Dix-sept objectifs, construits autour d’un consensus universel ambitieux et d’un changement de méthode. Mais également 169 cibles et une multitude d’indicateurs destinés à évaluer la progression de la mise en œuvre des différents objectifs. Parmi cette grande diversité et face aux immenses attentes ainsi créées, comment parvenir à construire un cadre pour un développement cohérent et équilibré ? L’objectif de la semaine de réflexion organisée par l’Institut Open Diplomacy du 29 février au 3 mars dernier était de parvenir à mettre en évidence des liens d’interdépendance ou des contradictions à dépasser entre plusieurs objectifs du développement durable.

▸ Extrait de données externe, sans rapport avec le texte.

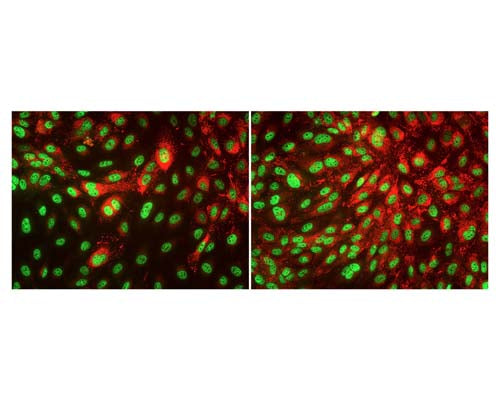 Mouse Anti-TAR DNA-Binding Protein 43 (TDP-43)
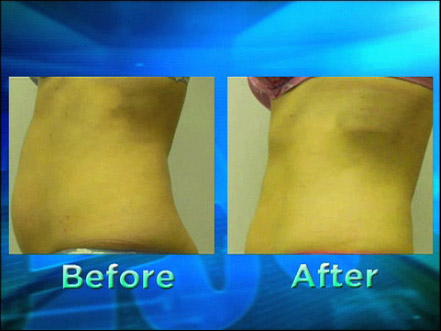 Photo of i-Lipo results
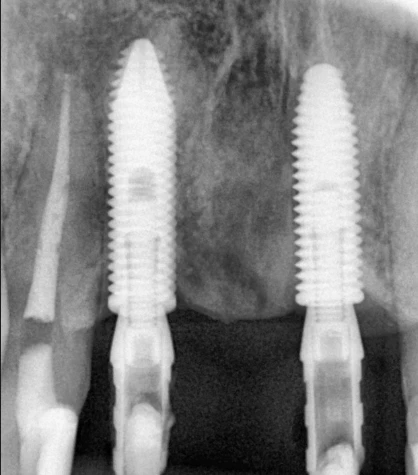 implantes dentários em um dia — cirurgia guiada e carga imediata em Natal-RN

OMD, ODD : quelles évolutions ?

Les objectifs du développement durable, ODD, ont été adoptés le 25 septembre 2015 aux par l’Assemblée générale des Nations unies, à l’unanimité de ses 193 Etats membres. S’ils succèdent aux objectifs mondiaux pour le développement – OMD adoptés en 2000 et arrivant à échéance en 2015, ces ODD diffèrent néanmoins largement de ce premier agenda mondial pour le développement.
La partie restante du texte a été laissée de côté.